_About this exercise_:
Among the lines below, a stretch begins at the one with "Pendientes de gota" and ends at the one with "Businesswoman covering eyes". Repeat that stretch exactly, ends included.

_Source material_:

= = = = = = =

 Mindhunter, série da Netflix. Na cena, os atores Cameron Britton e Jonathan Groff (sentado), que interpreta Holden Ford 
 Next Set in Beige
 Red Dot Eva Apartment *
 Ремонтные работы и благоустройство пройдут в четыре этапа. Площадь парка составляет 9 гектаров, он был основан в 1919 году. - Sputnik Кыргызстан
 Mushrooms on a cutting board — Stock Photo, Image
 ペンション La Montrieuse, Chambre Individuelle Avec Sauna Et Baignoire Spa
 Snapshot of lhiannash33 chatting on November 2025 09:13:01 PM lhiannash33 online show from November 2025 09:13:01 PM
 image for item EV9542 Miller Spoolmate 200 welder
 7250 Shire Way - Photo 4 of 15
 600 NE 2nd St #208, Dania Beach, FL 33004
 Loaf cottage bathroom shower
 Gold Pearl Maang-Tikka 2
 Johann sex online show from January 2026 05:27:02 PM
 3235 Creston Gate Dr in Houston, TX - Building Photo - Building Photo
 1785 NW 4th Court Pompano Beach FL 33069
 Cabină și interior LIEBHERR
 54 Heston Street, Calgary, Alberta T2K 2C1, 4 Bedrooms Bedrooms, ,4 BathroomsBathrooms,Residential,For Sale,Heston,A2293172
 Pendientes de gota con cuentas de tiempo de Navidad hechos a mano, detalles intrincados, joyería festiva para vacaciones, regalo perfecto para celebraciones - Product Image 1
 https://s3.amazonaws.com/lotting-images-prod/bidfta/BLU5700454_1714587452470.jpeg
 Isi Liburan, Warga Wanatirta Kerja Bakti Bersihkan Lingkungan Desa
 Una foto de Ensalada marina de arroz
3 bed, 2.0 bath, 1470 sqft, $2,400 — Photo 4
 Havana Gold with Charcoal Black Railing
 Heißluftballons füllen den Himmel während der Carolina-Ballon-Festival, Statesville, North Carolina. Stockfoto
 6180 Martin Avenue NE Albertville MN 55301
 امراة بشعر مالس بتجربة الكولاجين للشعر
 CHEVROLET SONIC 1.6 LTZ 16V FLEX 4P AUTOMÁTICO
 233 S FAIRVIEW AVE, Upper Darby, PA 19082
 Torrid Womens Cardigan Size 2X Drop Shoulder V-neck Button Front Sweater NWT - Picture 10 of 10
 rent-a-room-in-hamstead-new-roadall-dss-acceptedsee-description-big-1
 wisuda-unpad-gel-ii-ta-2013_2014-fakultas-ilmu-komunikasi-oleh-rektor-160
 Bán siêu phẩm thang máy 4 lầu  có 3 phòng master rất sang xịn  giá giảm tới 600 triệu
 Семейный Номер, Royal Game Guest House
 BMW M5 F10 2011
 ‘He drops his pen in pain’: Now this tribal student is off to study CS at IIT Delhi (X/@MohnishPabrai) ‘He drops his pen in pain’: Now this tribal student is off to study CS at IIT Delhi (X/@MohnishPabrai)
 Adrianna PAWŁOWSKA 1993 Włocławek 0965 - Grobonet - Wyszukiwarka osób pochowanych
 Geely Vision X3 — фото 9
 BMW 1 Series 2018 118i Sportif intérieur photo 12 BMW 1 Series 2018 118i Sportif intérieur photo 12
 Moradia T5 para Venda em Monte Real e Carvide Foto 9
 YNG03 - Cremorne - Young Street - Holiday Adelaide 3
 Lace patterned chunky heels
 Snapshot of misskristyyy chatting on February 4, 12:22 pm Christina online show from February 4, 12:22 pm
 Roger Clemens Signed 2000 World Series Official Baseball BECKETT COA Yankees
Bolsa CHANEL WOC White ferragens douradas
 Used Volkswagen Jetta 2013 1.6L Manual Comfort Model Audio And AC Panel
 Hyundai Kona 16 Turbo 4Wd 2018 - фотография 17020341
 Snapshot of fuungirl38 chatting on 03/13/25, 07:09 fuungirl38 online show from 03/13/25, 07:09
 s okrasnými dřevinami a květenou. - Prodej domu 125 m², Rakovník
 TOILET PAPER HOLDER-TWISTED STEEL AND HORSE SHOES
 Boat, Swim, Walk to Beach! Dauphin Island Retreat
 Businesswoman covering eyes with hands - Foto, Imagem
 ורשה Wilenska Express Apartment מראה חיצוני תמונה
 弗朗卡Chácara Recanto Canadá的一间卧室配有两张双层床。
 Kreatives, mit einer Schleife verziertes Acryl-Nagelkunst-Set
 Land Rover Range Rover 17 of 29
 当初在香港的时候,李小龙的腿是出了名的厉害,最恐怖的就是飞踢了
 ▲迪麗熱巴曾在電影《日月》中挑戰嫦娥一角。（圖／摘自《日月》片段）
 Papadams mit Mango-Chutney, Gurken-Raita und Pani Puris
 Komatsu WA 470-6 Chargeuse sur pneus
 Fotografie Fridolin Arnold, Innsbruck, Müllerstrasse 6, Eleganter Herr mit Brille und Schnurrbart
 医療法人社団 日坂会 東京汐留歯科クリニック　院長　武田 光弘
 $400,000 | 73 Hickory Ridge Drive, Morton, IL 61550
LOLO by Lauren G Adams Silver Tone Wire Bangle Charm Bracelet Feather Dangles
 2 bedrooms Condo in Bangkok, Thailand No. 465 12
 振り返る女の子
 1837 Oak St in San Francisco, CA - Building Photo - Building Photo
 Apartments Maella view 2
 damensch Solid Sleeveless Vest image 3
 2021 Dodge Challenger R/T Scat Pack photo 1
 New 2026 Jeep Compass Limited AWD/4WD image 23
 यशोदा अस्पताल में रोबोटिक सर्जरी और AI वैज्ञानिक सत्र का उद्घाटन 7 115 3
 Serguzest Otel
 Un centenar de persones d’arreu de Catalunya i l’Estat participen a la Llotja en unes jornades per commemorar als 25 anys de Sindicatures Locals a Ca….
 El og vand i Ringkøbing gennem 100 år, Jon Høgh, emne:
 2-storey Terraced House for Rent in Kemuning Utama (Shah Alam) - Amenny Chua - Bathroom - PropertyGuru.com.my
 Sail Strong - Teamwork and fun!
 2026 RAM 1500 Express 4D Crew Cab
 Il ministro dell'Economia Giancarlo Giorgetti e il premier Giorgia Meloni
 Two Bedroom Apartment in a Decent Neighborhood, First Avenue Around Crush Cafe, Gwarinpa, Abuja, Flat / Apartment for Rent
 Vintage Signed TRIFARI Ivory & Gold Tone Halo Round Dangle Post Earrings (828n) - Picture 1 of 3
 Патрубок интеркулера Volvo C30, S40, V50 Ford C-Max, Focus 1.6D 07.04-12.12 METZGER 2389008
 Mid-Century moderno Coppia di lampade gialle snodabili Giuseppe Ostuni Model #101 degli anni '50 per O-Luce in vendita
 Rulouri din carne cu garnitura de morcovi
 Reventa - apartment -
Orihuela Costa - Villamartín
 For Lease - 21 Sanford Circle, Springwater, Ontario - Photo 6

= = = = = = =

_Result_:
 Pendientes de gota con cuentas de tiempo de Navidad hechos a mano, detalles intrincados, joyería festiva para vacaciones, regalo perfecto para celebraciones - Product Image 1
 https://s3.amazonaws.com/lotting-images-prod/bidfta/BLU5700454_1714587452470.jpeg
 Isi Liburan, Warga Wanatirta Kerja Bakti Bersihkan Lingkungan Desa
 Una foto de Ensalada marina de arroz
3 bed, 2.0 bath, 1470 sqft, $2,400 — Photo 4
 Havana Gold with Charcoal Black Railing
 Heißluftballons füllen den Himmel während der Carolina-Ballon-Festival, Statesville, North Carolina. Stockfoto
 6180 Martin Avenue NE Albertville MN 55301
 امراة بشعر مالس بتجربة الكولاجين للشعر
 CHEVROLET SONIC 1.6 LTZ 16V FLEX 4P AUTOMÁTICO
 233 S FAIRVIEW AVE, Upper Darby, PA 19082
 Torrid Womens Cardigan Size 2X Drop Shoulder V-neck Button Front Sweater NWT - Picture 10 of 10
 rent-a-room-in-hamstead-new-roadall-dss-acceptedsee-description-big-1
 wisuda-unpad-gel-ii-ta-2013_2014-fakultas-ilmu-komunikasi-oleh-rektor-160
 Bán siêu phẩm thang máy 4 lầu  có 3 phòng master rất sang xịn  giá giảm tới 600 triệu
 Семейный Номер, Royal Game Guest House
 BMW M5 F10 2011
 ‘He drops his pen in pain’: Now this tribal student is off to study CS at IIT Delhi (X/@MohnishPabrai) ‘He drops his pen in pain’: Now this tribal student is off to study CS at IIT Delhi (X/@MohnishPabrai)
 Adrianna PAWŁOWSKA 1993 Włocławek 0965 - Grobonet - Wyszukiwarka osób pochowanych
 Geely Vision X3 — фото 9
 BMW 1 Series 2018 118i Sportif intérieur photo 12 BMW 1 Series 2018 118i Sportif intérieur photo 12
 Moradia T5 para Venda em Monte Real e Carvide Foto 9
 YNG03 - Cremorne - Young Street - Holiday Adelaide 3
 Lace patterned chunky heels
 Snapshot of misskristyyy chatting on February 4, 12:22 pm Christina online show from February 4, 12:22 pm
 Roger Clemens Signed 2000 World Series Official Baseball BECKETT COA Yankees
Bolsa CHANEL WOC White ferragens douradas
 Used Volkswagen Jetta 2013 1.6L Manual Comfort Model Audio And AC Panel
 Hyundai Kona 16 Turbo 4Wd 2018 - фотография 17020341
 Snapshot of fuungirl38 chatting on 03/13/25, 07:09 fuungirl38 online show from 03/13/25, 07:09
 s okrasnými dřevinami a květenou. - Prodej domu 125 m², Rakovník
 TOILET PAPER HOLDER-TWISTED STEEL AND HORSE SHOES
 Boat, Swim, Walk to Beach! Dauphin Island Retreat
 Businesswoman covering eyes with hands - Foto, Imagem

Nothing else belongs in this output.